• _Activity_:
Please copy out all the data. Every detail stays the same.

• _Material provided_:
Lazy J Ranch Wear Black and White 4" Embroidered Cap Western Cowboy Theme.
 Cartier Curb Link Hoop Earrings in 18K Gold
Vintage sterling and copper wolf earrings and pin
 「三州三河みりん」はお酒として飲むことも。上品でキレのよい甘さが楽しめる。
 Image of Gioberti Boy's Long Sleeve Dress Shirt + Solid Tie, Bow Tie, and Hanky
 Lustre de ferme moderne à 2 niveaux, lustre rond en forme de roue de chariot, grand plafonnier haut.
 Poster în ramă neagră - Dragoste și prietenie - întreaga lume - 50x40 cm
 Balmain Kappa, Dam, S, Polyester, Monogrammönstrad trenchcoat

• _Task response_:
Lazy J Ranch Wear Black and White 4" Embroidered Cap Western Cowboy Theme.
 Cartier Curb Link Hoop Earrings in 18K Gold
Vintage sterling and copper wolf earrings and pin
 「三州三河みりん」はお酒として飲むことも。上品でキレのよい甘さが楽しめる。
 Image of Gioberti Boy's Long Sleeve Dress Shirt + Solid Tie, Bow Tie, and Hanky
 Lustre de ferme moderne à 2 niveaux, lustre rond en forme de roue de chariot, grand plafonnier haut.
 Poster în ramă neagră - Dragoste și prietenie - întreaga lume - 50x40 cm
 Balmain Kappa, Dam, S, Polyester, Monogrammönstrad trenchcoat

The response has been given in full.